大ヒット作「東海道中膝栗毛」で一躍名を挙げてから書きに書きまくり、江戸で唯一の専業作家となった当代人気戯作者の十返舎一九ではありますが、一家は銭に窮する貧乏暮らし。 そこへ婚家を飛び出した北斎の娘のお栄が転がり込み、得体のしれない浪人者が居候し、我が物顔でのさばり始める始末。
長年の大酒が祟ってそろそろ身体に支障を来たし、偏屈や癇癪持ちに磨きのかかる一九を筆頭に、さながら奇人屋敷の様相を呈する我が家で、舞の過ごす“きりきり舞い”の日々。 パワフルで朗らかで気軽に楽しめるサクサク本。
常人離れした絵師も戯作者も、身内にとっては厄介な生き物に他なりませんが、そこを超越した家族や父娘の慈しみが、湿っぽくならずにサラッと温かく描かれていて、筆にも安定感があって、良質だと思いました。
筋立ての中で一九の前半生や出自の謎が紐解かれていくのですが、小田切土佐守との関係が 「そろそろ旅に」とは、また違った説を採っていて興味深いです。
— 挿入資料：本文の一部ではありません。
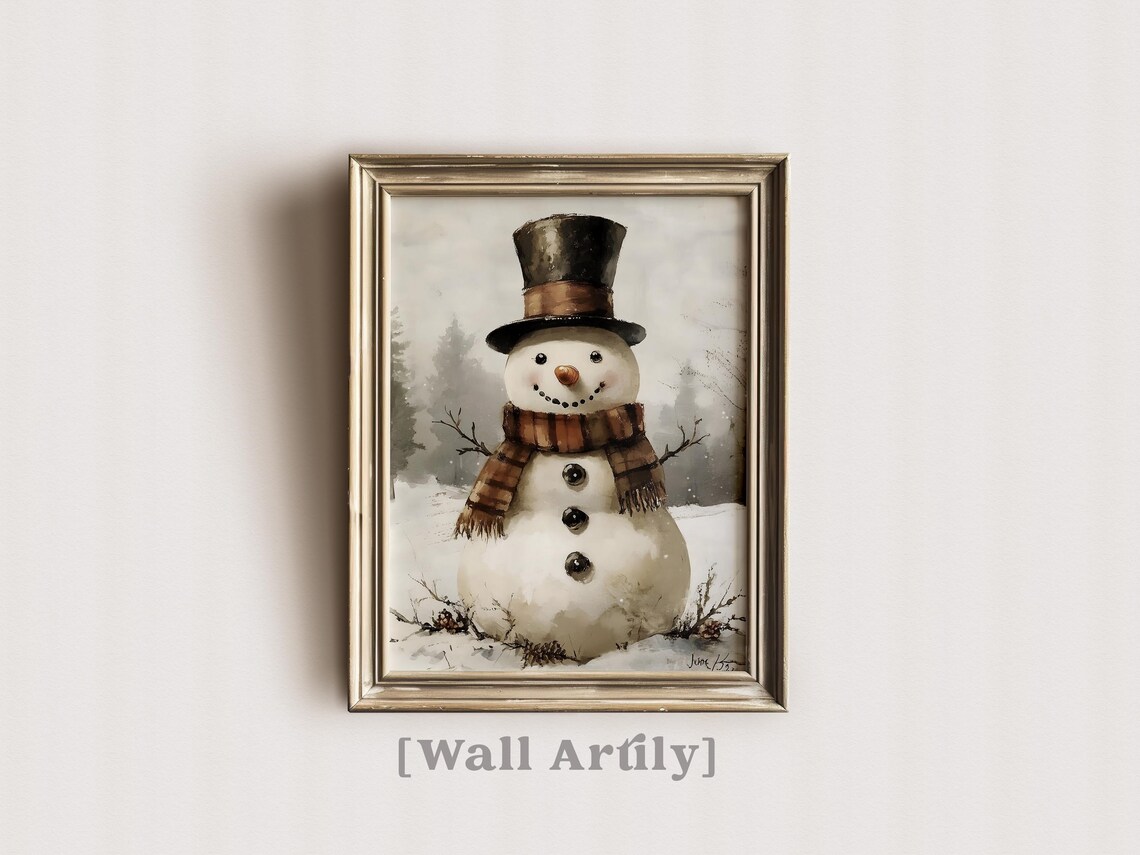 Watercolor Snowman Top Hat Plaid Scarf Christmas Winter Poster - Image 6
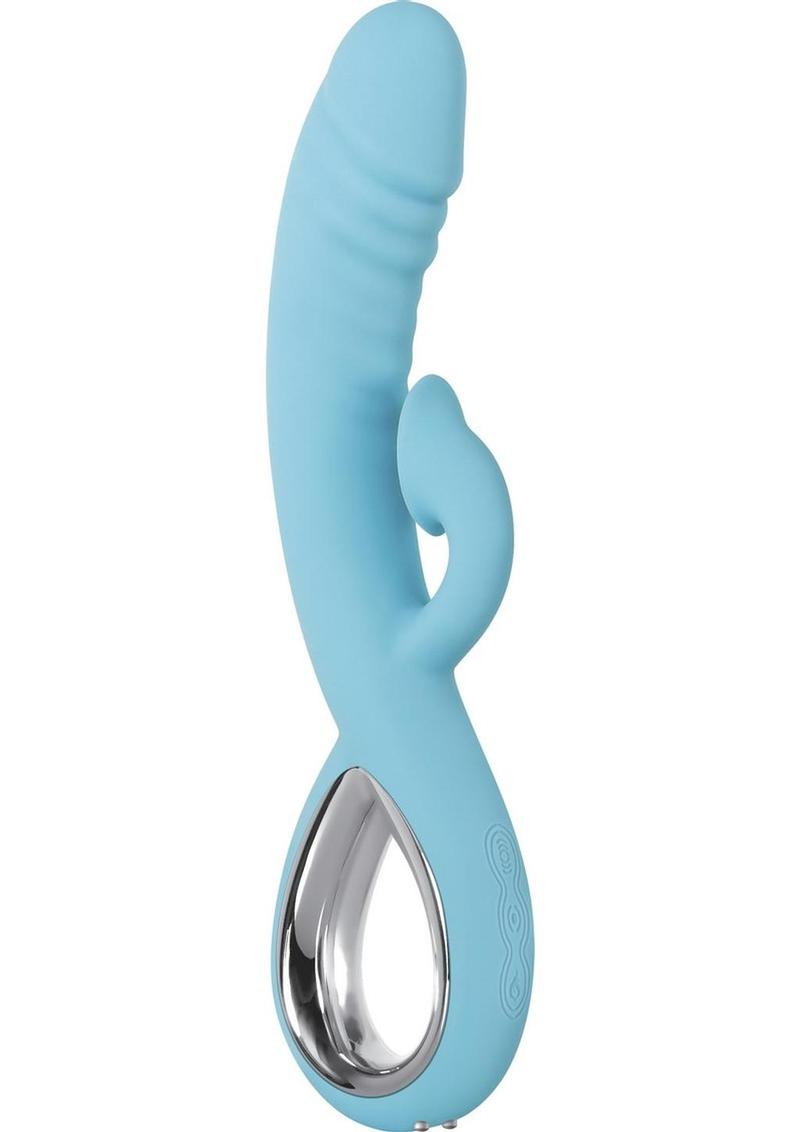 Triple Infinity Rechargeable Silicone Heated Rabbit Vibrator with Clitoral Suction Stimulator - Aqua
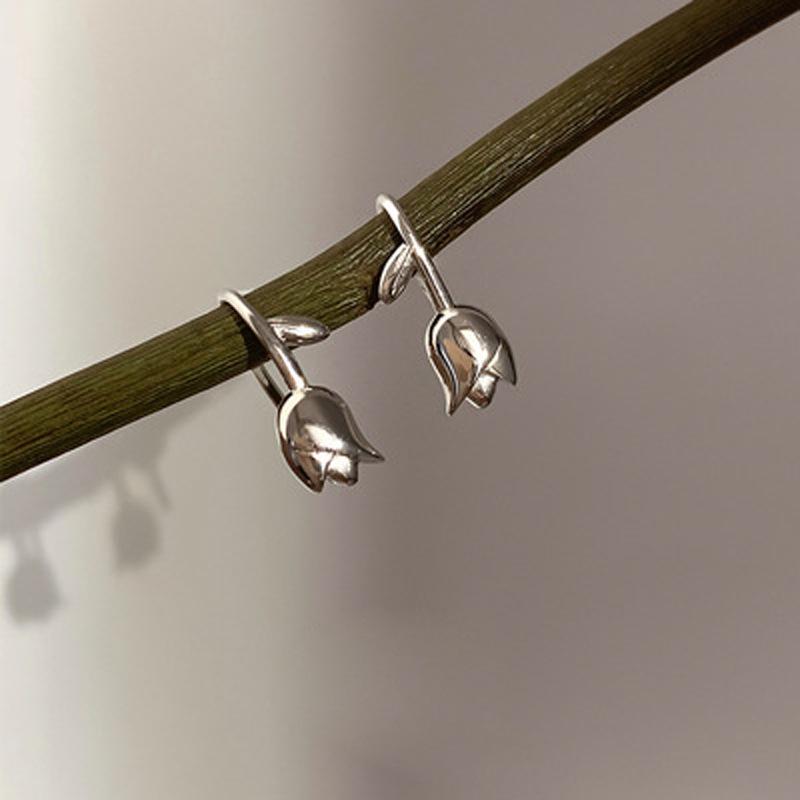Tulip Flower Sterling Silver Stud Earrings - Retro Hong Kong Style for Women 925 Silver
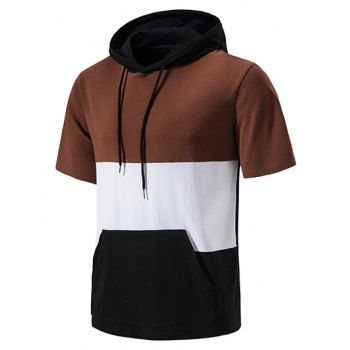 

Contrast Colorblock T Shirt Hooded Drawstrings Pockets Summer Casual Tee, Coffee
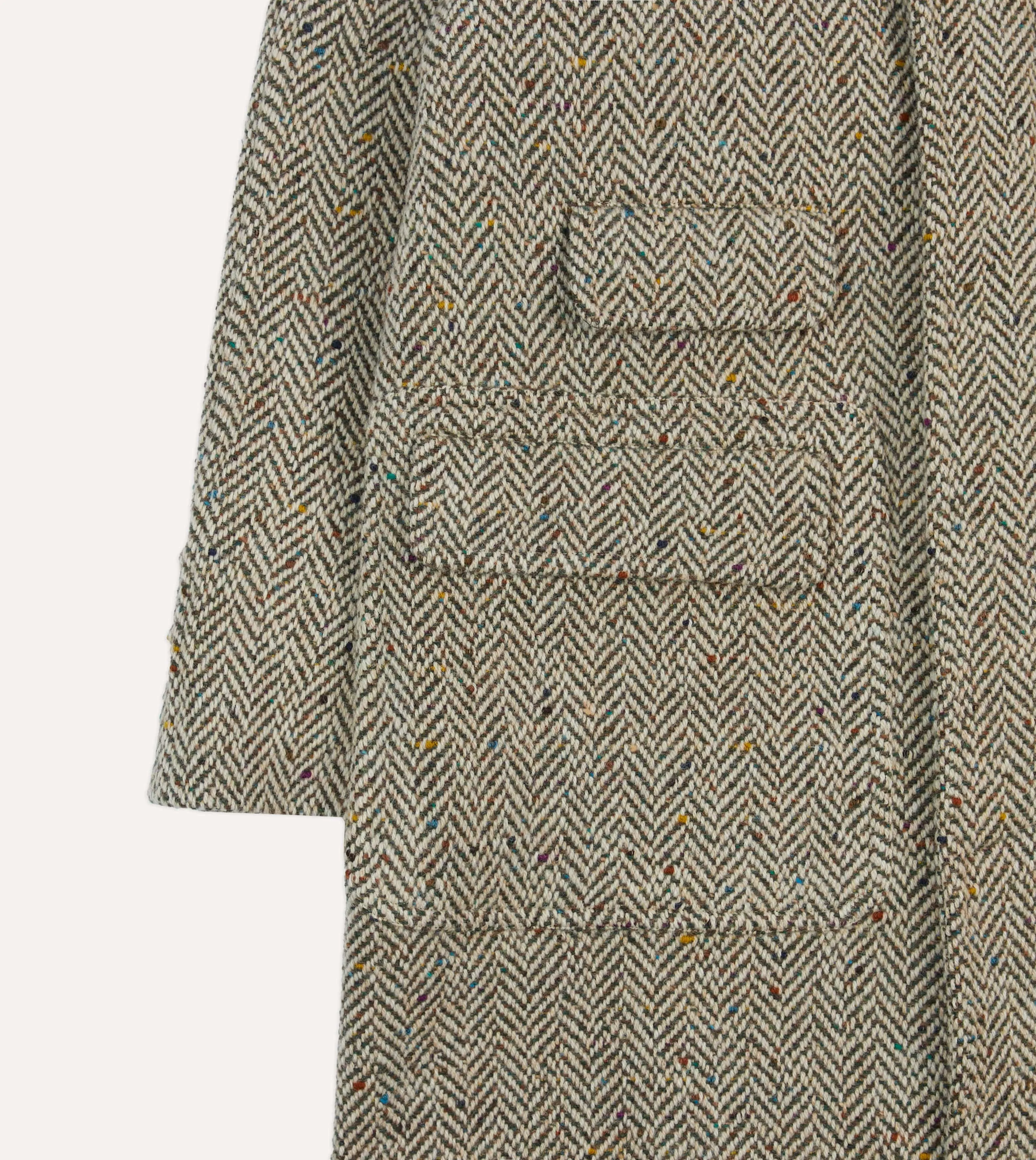 Taupe Herringbone Flecked Wool Raglan Coat sold by Drake's London product image thumbnail 5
そういえば、北斎が吉良家の剣客であった小林平八郎の子孫だと自分で(笑)言い触らしていた史実に絡んだ小粋な怪談話が盛り込まれているのが高ポイント♪ (希代の引っ越し魔で居所知れずの北斎は、影や噂だけで実際には登場しなかったのがちょっと淋しい・・)
ただね。個人的にはキャラが微妙。 お栄に萎えてしまったのが痛かった。 いや、これはこれでありなんだと思うんだけど。 杉浦日向子さんや山本昌代さんの洗礼を浴びた身には、プシュ〜っといろんなもの(あからさまなファザコンぶりや、子供じみた意固地さ、いぢましさとか・・)が滲み出し過ぎるのが気に障ってしまいました。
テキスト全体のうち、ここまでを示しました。